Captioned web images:
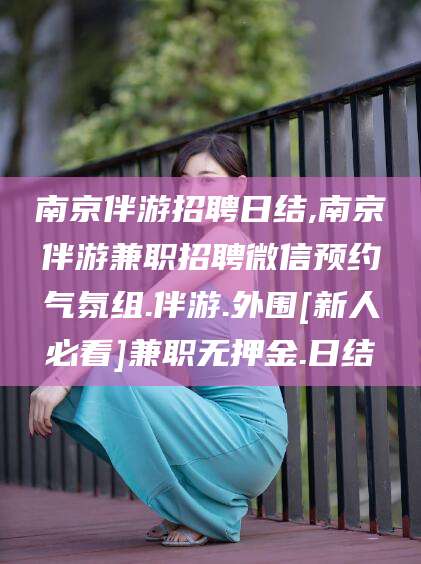 启东南京伴游招聘日结,南京伴游兼职招聘微信预约气氛组.伴游.外围[新人必看]兼职无押金.日结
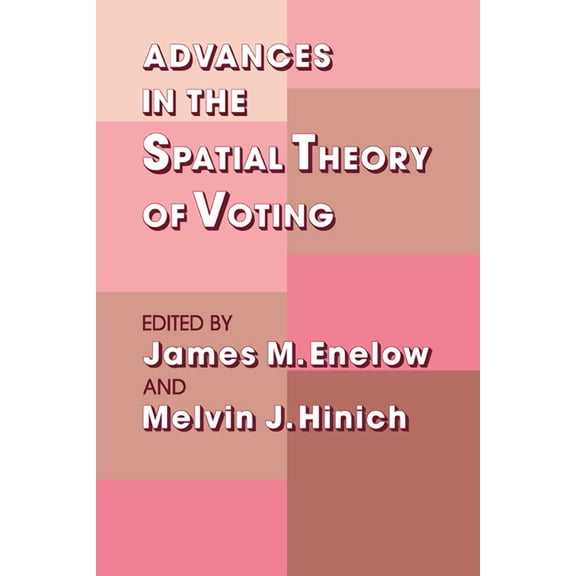 Advances in the Spatial Theory of Voting, (Hardcover)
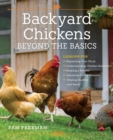 Image for Backyard chickens beyond the basics  : lessons for expanding your flock, understanding chicken behavior, keeping a rooster, adjusting for the seasons, staying healthy, and more!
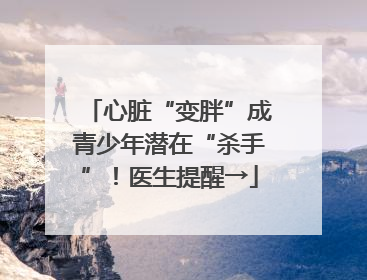 心脏“变胖”成青少年潜在“杀手”！医生提醒→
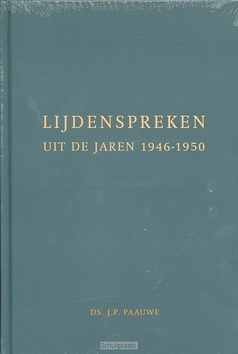 LIJDENSPREKEN UIT DE JAREN 1946-1950 - PAAUWE - 9789072048189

**What the task requires:**
Reproduce the records, all of them, word for word; omit the pictures.

**Answer:**
 启东南京伴游招聘日结,南京伴游兼职招聘微信预约气氛组.伴游.外围[新人必看]兼职无押金.日结
 Advances in the Spatial Theory of Voting, (Hardcover)
 Image for Backyard chickens beyond the basics  : lessons for expanding your flock, understanding chicken behavior, keeping a rooster, adjusting for the seasons, staying healthy, and more!
 心脏“变胖”成青少年潜在“杀手”！医生提醒→
 LIJDENSPREKEN UIT DE JAREN 1946-1950 - PAAUWE - 9789072048189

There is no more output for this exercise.